Über den Preis

Marzipan für echte Kerle, Chips für Girls, Shampoo in Pink für Prinzessinnen und in blau für Ritter… Gurken, Stifte, Gummistiefel, Sehtests, neuerdings gibt es alles in zwei Versionen. Die Strategie des Gendermarketing verkauft eine Welt, in der Farben, Interessen, Verhaltensweisen und Eigenschaften streng nach Geschlecht getrennt werden.

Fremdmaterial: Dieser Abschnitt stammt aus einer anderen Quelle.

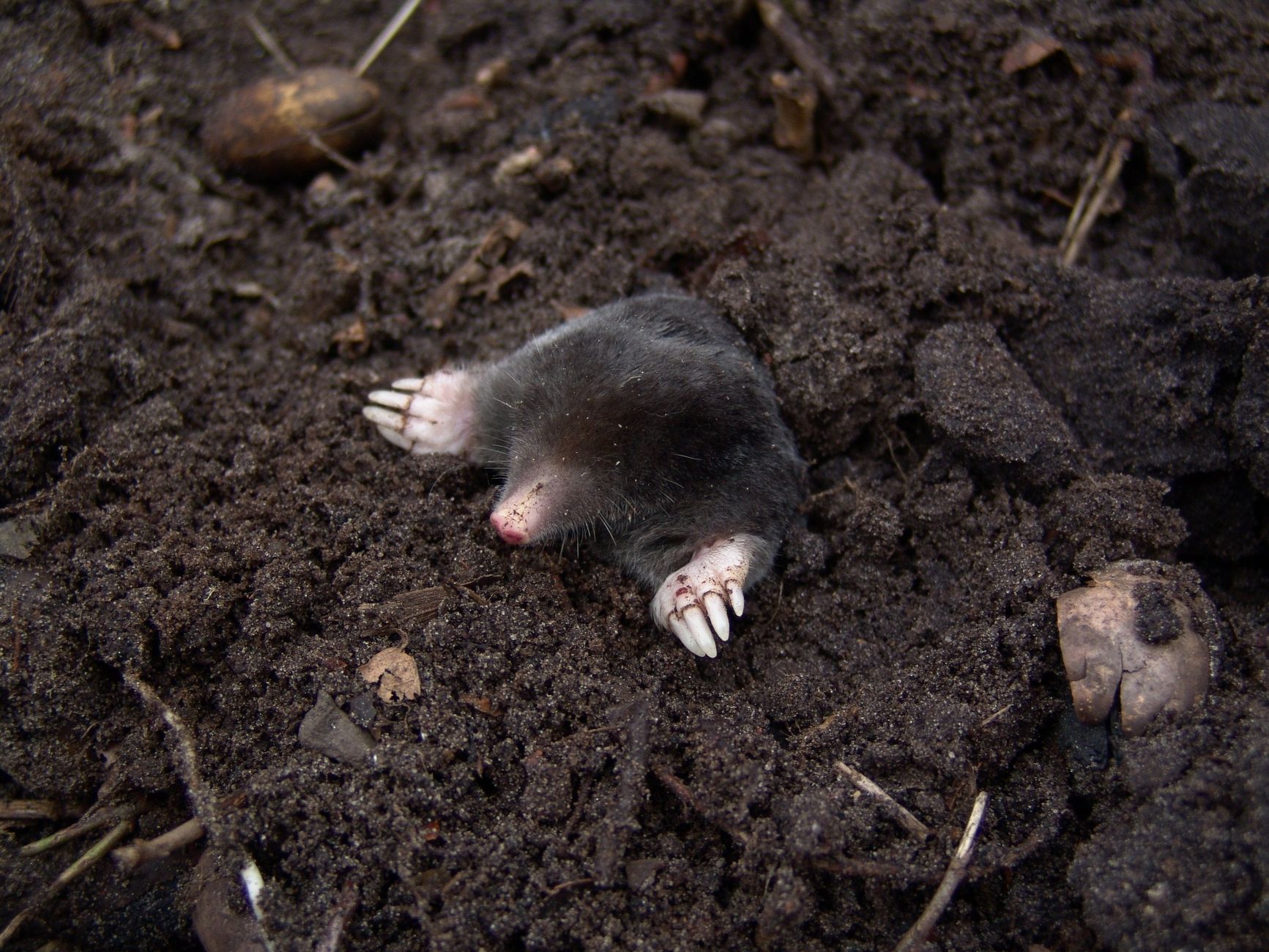 Rat Taupe : Guide Complet pour Identifier et Combattre cet Envahisseur Souterrain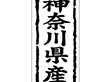 K-1013 神奈川県産 1000枚 Y009843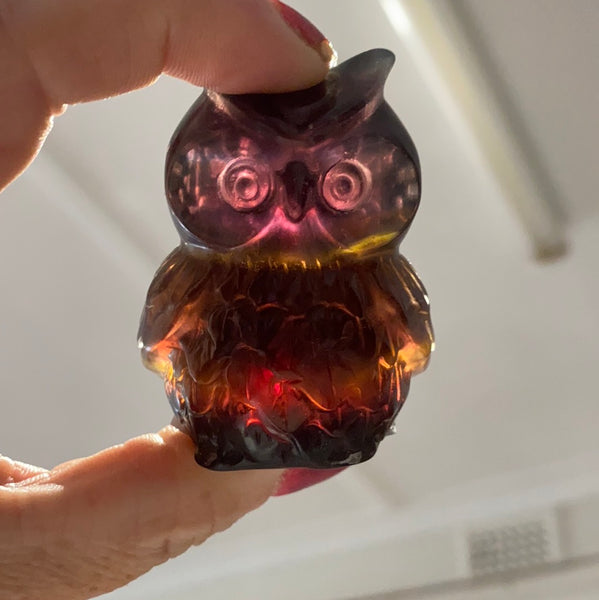 Fluorite Owl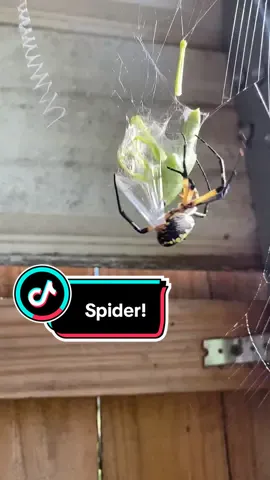 More #feedingspiders  Have a wonderful day everyone! #spiderlady #fyp #followme #spiderseason 
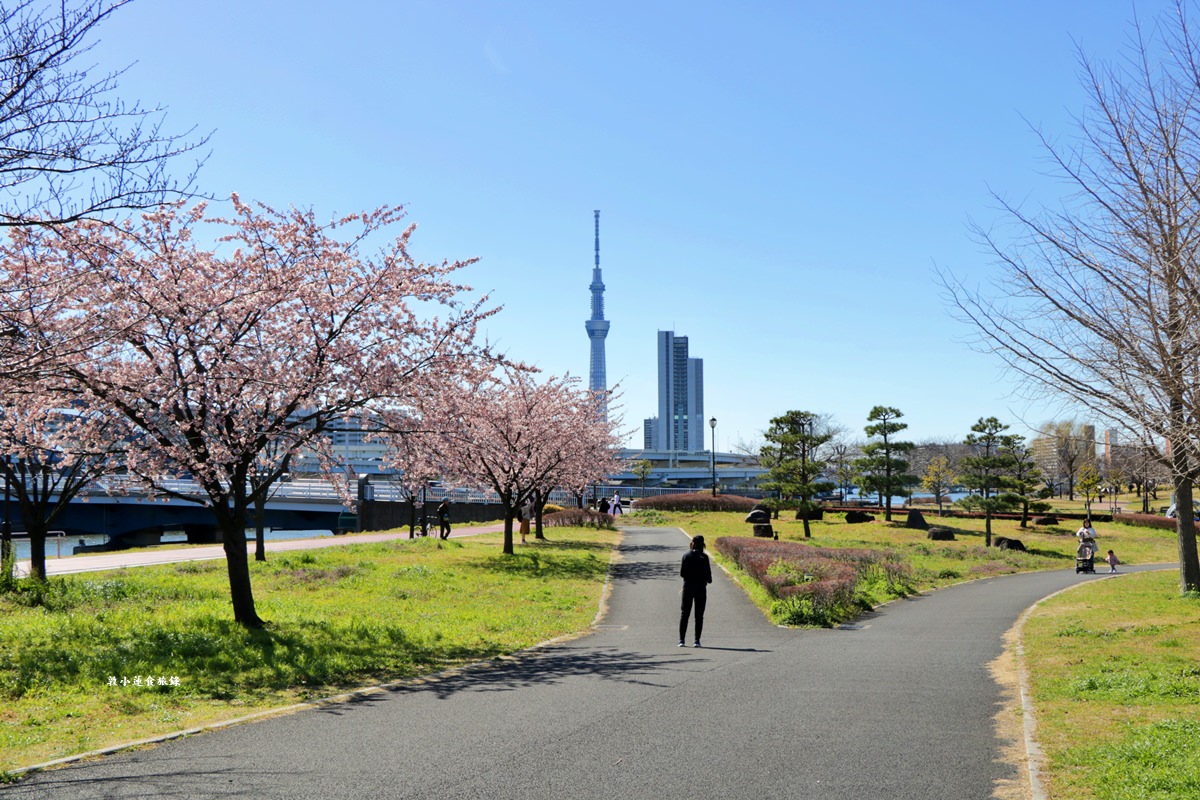 【東京南千住】汐入公園‧賞櫻就來汐入公園,河津櫻、寒緋櫻、大寒櫻、陽光櫻30種以上櫻花 - 第7張圖 【東京南千住】汐入公園‧賞櫻就來汐入公園,河津櫻、寒緋櫻、大寒櫻、陽光櫻30種以上櫻花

„Der Goldene Zaunpfahl“ möchte einen Dialog anregen über Vielfalt und Identität, über Zugehörigkeit und Normierung. Er will die limitierenden Botschaften, die traditionellen Rollenvorgaben und unterschätzten Wirkmechanismen von Werbung und Produktdesign offen legen. Er erinnert die Marketingbranche mit ihrem jährlichen Gesamtumsatz von 45 Milliarden Euro an ihre gesellschaftliche Verantwortung.

Der Wink mit dem goldenen Zaunpfahl richtet sich an Unternehmen und ihre Marketingabteilungen und will sie zu intelligenteren und innovativeren Strategien zur Vermarktung ihrer Produkte anstiften. Er fordert außerdem Verbraucher*innen dazu auf, sich häufiger gegen einengende Rollenvorgaben zu wehren und ihre Einkaufsmacht aktiv dafür einzusetzen, dass einfallsloses Gendermarketing regelmäßig zu Ladenhütern führt.

Der Negativpreis für absurde Auswüchse des Gendermarketing wurde im März 2017 zum ersten Mal verliehen, die öffentliche Preisverleihung fand mit großer Resonanz und mit freundlicher Unterstützung des HAU Hebbel am Ufer in Berlin statt. Im Advent 2016 waren Verbraucher*innen dem Aufruf gefolgt, Produkte und Werbekampagnen einzureichen, die limitierende Rollenbilder reproduzieren und Werbebotschaften verbreiten, in denen Mädchen als niedliche Prinzessinnen und Jungen als abenteurlustige Piraten über einen Kamm geschert werden, in denen z.B. das Bild vom echten Kerl (am Gasgrill) und der sich aufopfernden Frau und Mutter (mit Diätjoghurt) unreflektiert weitergereicht wird. Seither wird der Goldene Zaunpfahl jährlich öffentlich verliehen.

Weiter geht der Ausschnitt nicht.